Nice to see I'm not the only one that feels this way. I can remember talking to old timers that told me I would ruin my dog keeping it inside. Needless to say he outperformes any they have. It almost seems our friendship outside of hunting makes us work better when we are hunting. I guess we both know we can push it to the limit, because we are going to have a big dinner and a nice bed when we get home.
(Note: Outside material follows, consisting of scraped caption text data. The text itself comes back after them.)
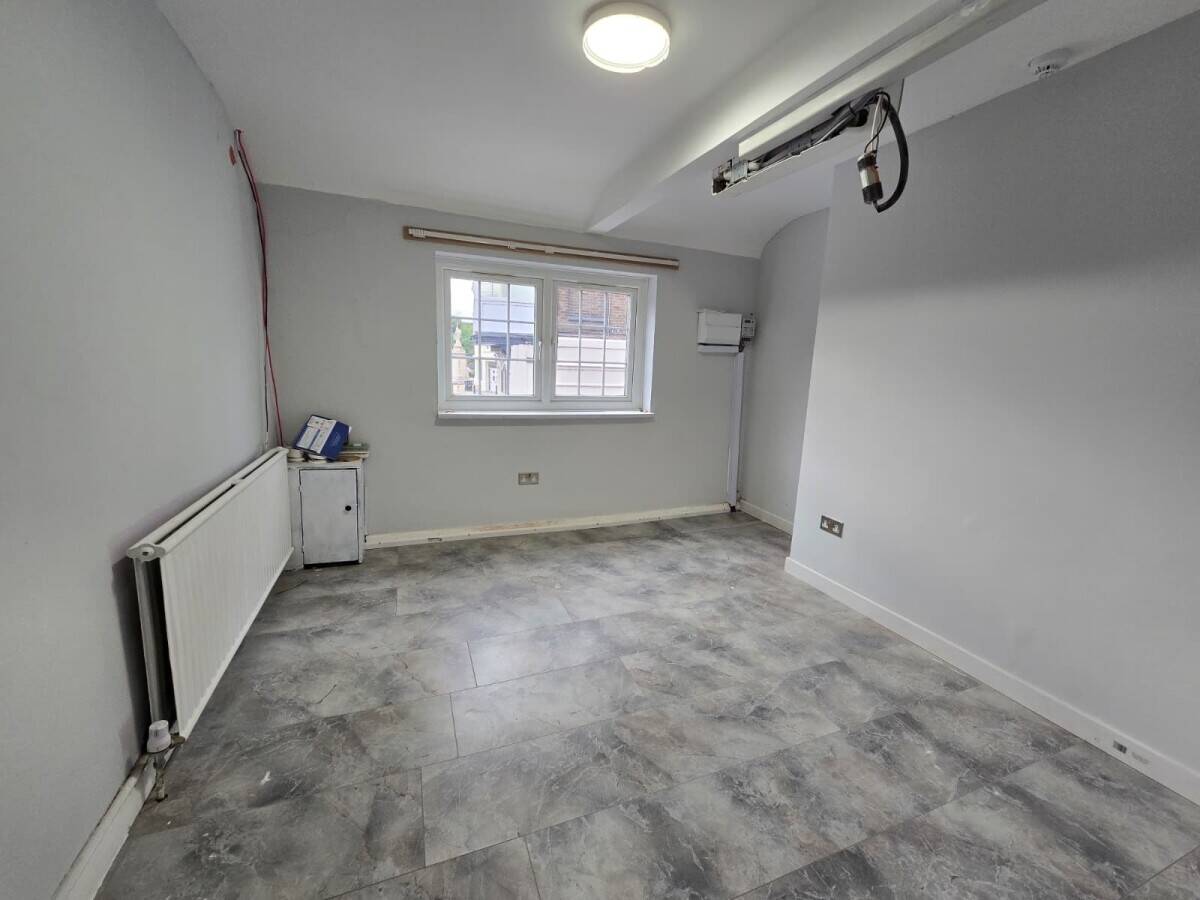 Mixed-use freehold property for sale on Staines High Street in Staines upon Thames Surrey Photo 1
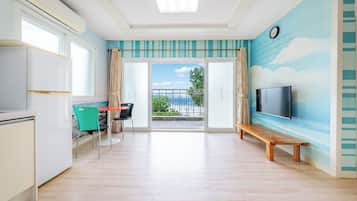 Una habitación con cocina, comedor con sillas, un banco, televisor montado en la pared y balcón con vistas.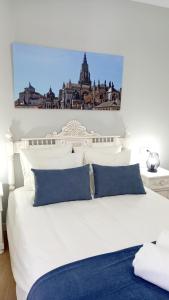 a white bed with blue pillows in a bedroom at Narciso Tomé en San justo 4 in Toledo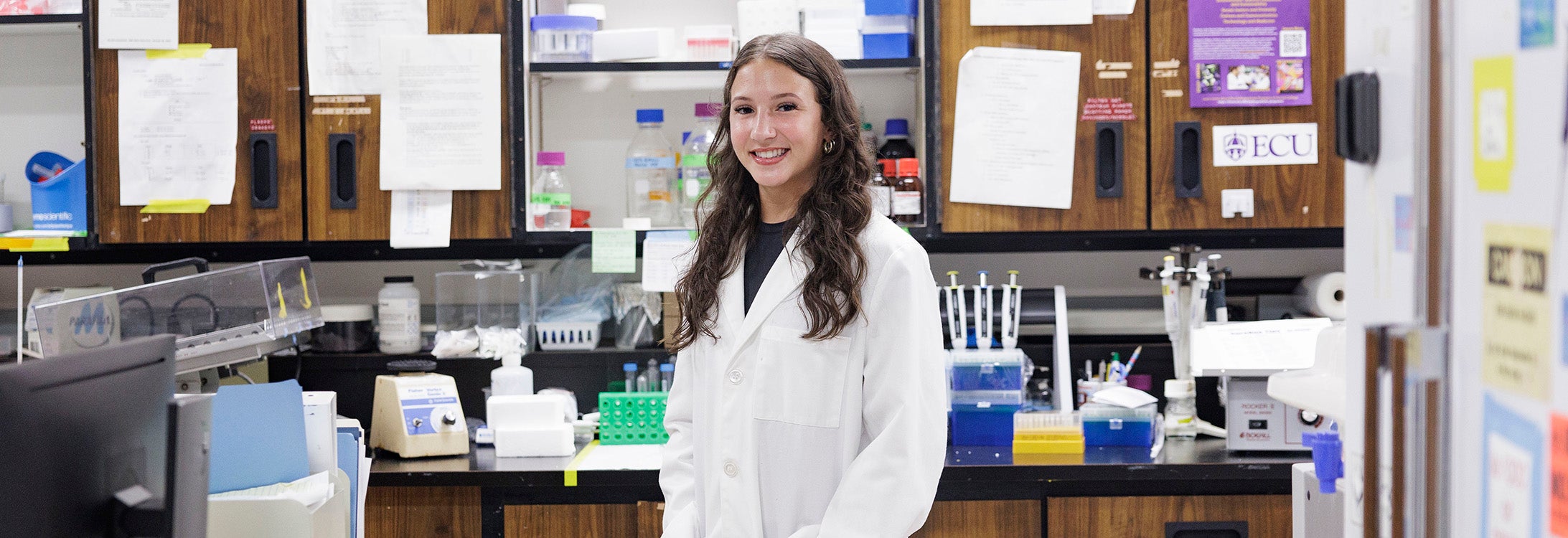 Bayli Locklear, wearing a white lab coat, stands in front of a countertop full of scientific equipment.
Is that Steubenville "big red"?


----------



## big red (Feb 4, 2010)

i don't like seeing a dog tied to a box all its life either but,with some good training they can be taught to stay in a yard.i have a kennel build for my 2 if i', going to be outside and gone for a extended period of time.as soon as i get home they are let loose and come in the house for the night.i did find out who owned the dogs and they said they would keep a better eye on them and they don't want them chasing deer either.i hope it works out for them. muskarp:i live in union county north of marysville.


----------



## saugeyesam (Apr 20, 2004)

Muskarp said:


> Nice to see I'm not the only one that feels this way. I can remember talking to old timers that told me I would ruin my dog keeping it inside. Needless to say he outperformes any they have. It almost seems our friendship outside of hunting makes us work better when we are hunting. I guess we both know we can push it to the limit, because we are going to have a big dinner and a nice bed when we get home.
> 
> 
> Is that Steubenville "big red"?


I have beagles and they are house dogs and they have put some high dollar dogs to shame. I had a guy I worked with tell me his 3 beagles were the best around. I took my two out with his two and he spent more time chasing his dogs and trying to keep them from back tracking all day while mine got me and my bro. our limits. 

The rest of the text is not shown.